Traditionally, employees have been the weakest links in food safety at most restaurants. Even well-intentioned workers make mistakes, and food service is an industry where isolated incidents can quickly mushroom into nationwide or global PR disasters. A food safety incident in Boise means diners everywhere will stop visiting; as a result, errors, failures, or malfeasance by even entry-level, minimum-wage workers can have an outsized impact on the bottom-line.
When labor goes wrong – whether through fraudulent activity, human error, inadequate training, or some other form of mismanagement – it has business ramifications that affect the entire organization. But how can brands make sure that the minimum-wage worker in Boise does his job so that the food safety incident never happens in the first place? Food safety technology has the answer.
First, technology enforces accountability at the individual and store level.
When it comes to checklists, for example, a smart system can impose constraints on users and alert their leaders when those constraints are breached. For example, the restaurant can set a custom timeframe for each checklist to be completed; if the checklist scheduled for noon doesn’t get completed within 60 minutes, it alerts management.
Second, technology puts an automatic spotlight on areas requiring review.
Similarly, a smart system can analyze checklist entries for accuracy and ensure they meet expected thresholds. For instance, if one checklist should take about five minutes to complete but one worker completes it in three minutes, the system can alert managers.
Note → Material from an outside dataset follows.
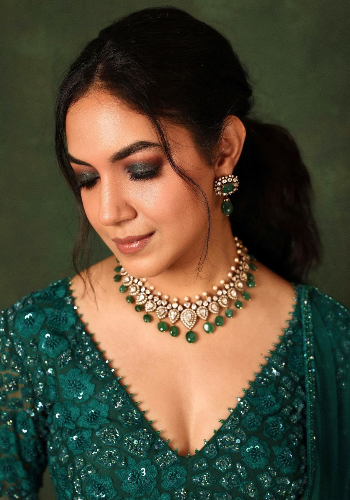 Ritu Varma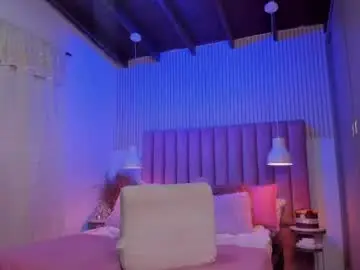 Chaturbate Sex Chat of scarlett_dreamss7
Maybe that employee figured out a way to complete the checklist in a more efficient way, a process that could be replicated at other stores, or maybe they’re trying to cheat the system and need review.
Third, technology can correct worker errors and help train staff.
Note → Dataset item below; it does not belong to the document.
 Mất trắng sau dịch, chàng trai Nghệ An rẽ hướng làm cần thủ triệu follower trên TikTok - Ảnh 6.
Employees don’t always follow food safety policies and procedures. Nearly two-thirds (62%) of food manufacturers and processors told industry analysts at Alchemy Systems that not all their employees adhere to their food safety programs. A digital food safety system can protect against non-compliance. First, it can automate many functions – reading temperatures from remote sensors automatically – to remove humans, and thus human errors, from the process. Second, digital food safety can provide guidance, corrective actions, and helpful prompts from the employee’s handheld device whenever issues arise.
Finally, technology can help control labor costs.
The cost of labor relative to revenue can be a major contributor to unnecessarily thin profit margins in the industry. According to point-of-sale technology provider Toast, the average restaurant sales per full-time equivalent (FTE), non-supervisory employee in 2015 was $56,000 (compared to $226,000 per grocery store worker). Automating certain food safety functions and streamlining the rest can free hours of time for workers and managers to focus instead on revenue-generating activities and front-of-the-house concerns.